Dal 13 al 20 settembre il presidente filippino Aquino incontrerà i principali capi di Stato e governo dell’Unione europea. Egli intende presentare una proposta - un piano di intervento “in tre parti” - per dirimere le controversie nel mar Cinese meridionale. E chiede il sostegno, anche “tacito”, di Francia e Germania.

Manila (AsiaNews/Agenzie) - Il presidente filippino Benino Aquino cercherà l'aiuto dei leader europei per risolvere le controversie territoriali con Pechino nelle acque contese del mar Cinese meridionale. È quanto riferisce una fonte ufficiale del ministero degli Esteri di Manila, sottolineando che nella settimana di visita ufficiale nell'Unione europea egli incontrerà (fra gli altri) i capi di Stato e di governo di Francia e Germania. Aquino intende inoltre presentare la propria proposta, volta a fermare la Cina da possibili nuovi mosse che possano peggiorare la tensione in una zona strategica per traffico marittimo e commerci. 

Zeneida Collinson, alto funzionario del ministero filippino degli Esteri, riferisce che in tutti gli incontri, a partire da quello con la Spagna, Aquino cercherà adesioni "alla posizione filippina" in riferimento alla controversia nel mare Filippino occidentale. Da sottolineare che il membro della delegazione filippina ha usato il nome locale, e non il più frequente mar Cinese meridionale, per indicare la porzione di territorio al centro della controversia. 

Il presidente filippino intende così perorare la propria causa in prima persona, davanti agli esecutivi e alle rappresentanze ufficiali di Madrid, del Belgio, della Francia, della Germania, durante il viaggio diplomatico in programma dal 13 al 20 settembre. Essa prevede un "piano di triplo intervento", in base al quale la Cina e gli altri attori protagonisti sono chiamati a evitare azioni di natura provocatoria. Il sostegno può anche essere "tacito" e non serve che venga incluso all'interno di documenti ufficiali, precisa la funzionaria.

Un passaggio chiave, perché appare difficile che le cancellerie di mezza Europa intendano inimicarsi in modo aperto la Cina su una questione che ha già aperto diversi fronti di discussione e contrasto. Tanto nella regione Asia-Pacifico quanto sullo scacchiere internazionale con gli Stati Uniti osservatori (attenti e presenti) della controversia. 

Il mese scorso Manila ha protestato in via ufficiale con Pechino, per la crescente presenza di navi da pattuglia cinesi nella Reed Bank, teatro dello scontro fra le due marine nel 2012. Inoltre, nei giorni scorsi le autorità filippine hanno arrestato tre uomini che pianificavano attentati - fra gli altri - all'ambasciata cinese di Manila. Una risposta violenta di nazionalisti locali alle mire espansioniste cinesi, come avvenuto in precedenza anche in Vietnam, in cui si sono registrati attacchi ad aziende e compagnie straniere con morti e feriti. 

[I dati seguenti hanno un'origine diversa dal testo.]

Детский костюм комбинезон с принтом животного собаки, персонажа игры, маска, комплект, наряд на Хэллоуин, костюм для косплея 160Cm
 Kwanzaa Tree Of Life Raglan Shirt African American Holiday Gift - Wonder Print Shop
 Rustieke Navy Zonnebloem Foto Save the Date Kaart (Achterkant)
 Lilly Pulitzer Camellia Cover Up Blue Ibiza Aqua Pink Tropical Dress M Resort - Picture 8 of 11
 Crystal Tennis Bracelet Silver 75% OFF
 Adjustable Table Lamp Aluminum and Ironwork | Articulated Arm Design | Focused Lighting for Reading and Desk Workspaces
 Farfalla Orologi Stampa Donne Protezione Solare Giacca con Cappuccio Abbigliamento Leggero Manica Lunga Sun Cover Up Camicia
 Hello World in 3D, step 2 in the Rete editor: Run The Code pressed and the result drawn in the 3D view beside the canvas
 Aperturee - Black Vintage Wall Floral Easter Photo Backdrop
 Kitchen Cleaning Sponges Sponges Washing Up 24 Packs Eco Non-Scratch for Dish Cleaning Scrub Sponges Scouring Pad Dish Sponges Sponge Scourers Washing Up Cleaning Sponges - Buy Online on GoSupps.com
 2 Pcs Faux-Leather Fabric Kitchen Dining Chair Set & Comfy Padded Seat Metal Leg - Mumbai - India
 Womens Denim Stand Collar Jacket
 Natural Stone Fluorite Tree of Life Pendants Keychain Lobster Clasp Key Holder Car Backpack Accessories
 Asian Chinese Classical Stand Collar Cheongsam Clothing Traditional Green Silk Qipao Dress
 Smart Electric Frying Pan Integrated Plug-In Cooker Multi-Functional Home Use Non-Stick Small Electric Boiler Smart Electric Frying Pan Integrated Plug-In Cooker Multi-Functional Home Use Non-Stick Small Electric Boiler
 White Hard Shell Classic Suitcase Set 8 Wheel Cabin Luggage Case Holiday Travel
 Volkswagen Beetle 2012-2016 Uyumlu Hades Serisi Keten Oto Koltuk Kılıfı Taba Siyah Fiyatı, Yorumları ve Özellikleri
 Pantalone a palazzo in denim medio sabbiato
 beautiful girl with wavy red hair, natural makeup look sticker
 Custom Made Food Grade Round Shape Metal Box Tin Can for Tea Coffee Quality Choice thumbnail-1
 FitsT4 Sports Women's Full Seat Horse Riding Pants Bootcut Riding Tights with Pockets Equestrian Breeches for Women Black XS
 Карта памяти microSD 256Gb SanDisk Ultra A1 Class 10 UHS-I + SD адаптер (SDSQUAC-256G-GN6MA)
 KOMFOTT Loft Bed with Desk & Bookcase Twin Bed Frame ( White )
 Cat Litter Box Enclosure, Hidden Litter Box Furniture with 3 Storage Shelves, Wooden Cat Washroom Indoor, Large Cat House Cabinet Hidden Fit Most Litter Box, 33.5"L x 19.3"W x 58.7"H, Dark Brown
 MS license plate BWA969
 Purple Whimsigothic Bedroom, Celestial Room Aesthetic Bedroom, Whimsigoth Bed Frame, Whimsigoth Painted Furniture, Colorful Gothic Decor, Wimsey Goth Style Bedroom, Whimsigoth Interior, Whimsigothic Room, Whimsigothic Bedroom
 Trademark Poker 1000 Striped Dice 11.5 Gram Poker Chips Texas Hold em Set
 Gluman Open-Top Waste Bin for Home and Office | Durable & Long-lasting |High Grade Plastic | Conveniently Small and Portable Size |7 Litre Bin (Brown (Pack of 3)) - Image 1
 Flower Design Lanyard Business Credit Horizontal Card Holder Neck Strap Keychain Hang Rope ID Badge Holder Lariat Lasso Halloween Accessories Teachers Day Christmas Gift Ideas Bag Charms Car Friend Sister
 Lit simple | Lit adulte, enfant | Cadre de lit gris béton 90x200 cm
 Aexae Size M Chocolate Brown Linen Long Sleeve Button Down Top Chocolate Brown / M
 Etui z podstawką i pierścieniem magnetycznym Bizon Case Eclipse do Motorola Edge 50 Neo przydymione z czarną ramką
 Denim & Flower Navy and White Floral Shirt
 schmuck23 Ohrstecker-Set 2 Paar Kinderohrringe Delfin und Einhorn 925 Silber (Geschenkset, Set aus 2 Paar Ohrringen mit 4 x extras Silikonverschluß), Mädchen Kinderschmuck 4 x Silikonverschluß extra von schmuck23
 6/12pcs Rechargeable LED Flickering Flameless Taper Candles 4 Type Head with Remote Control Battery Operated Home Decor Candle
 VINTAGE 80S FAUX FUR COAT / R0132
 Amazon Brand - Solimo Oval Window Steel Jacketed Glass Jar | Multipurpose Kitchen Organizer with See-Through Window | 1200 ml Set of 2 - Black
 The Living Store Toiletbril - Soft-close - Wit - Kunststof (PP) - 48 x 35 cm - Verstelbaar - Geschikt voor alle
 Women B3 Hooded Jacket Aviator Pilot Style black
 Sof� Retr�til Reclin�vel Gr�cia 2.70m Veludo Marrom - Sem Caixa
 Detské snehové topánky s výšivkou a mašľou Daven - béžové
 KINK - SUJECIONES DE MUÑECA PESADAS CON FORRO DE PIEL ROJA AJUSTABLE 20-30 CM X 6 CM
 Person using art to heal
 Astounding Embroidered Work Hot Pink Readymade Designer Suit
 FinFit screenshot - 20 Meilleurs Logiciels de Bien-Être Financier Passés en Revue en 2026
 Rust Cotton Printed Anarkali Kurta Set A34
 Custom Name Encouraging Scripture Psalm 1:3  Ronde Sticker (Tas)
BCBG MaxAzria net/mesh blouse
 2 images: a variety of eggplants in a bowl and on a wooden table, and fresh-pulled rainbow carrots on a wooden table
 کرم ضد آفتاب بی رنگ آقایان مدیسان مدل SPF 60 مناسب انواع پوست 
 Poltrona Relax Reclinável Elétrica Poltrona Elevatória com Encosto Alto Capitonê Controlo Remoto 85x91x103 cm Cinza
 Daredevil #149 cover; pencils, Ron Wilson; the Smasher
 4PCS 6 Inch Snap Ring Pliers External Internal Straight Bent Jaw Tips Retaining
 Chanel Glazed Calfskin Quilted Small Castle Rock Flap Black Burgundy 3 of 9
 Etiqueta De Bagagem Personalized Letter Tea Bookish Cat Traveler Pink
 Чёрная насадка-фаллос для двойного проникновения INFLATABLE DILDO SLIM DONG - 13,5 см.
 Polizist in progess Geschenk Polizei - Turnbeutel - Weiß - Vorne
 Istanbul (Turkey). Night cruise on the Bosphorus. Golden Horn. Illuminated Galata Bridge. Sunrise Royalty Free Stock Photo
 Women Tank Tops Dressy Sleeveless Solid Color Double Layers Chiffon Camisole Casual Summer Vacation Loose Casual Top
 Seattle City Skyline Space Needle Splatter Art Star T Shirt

Da tempo Vietnam e Filippine - che ha promosso una vertenza internazionale al tribunale Onu - manifestano crescente preoccupazione per "l'imperialismo" di Pechino nei mari meridionale e orientale. Il governo cinese rivendica una fetta consistente di oceano, che comprende la sovranità delle Spratly e delle isole Paracel, isole contese da Vietnam, Taiwan, Filippine, Brunei e Malaysia (quasi l'85% dei territori). A sostenere le rivendicazioni dei Paesi del Sud-est asiatico vi sono anche gli Stati Uniti, che a più riprese hanno giudicato "illegale" e "irrazionale" la cosiddetta "lingua di bue", usata da Pechino per marcare il territorio. L'egemonia riveste un carattere strategico per il commercio e lo sfruttamento di petrolio e gas naturale nel fondo marino, in un'area dell'Asia-Pacifico di elevato interesse per il passaggio dei due terzi dei commerci marittimi mondiali.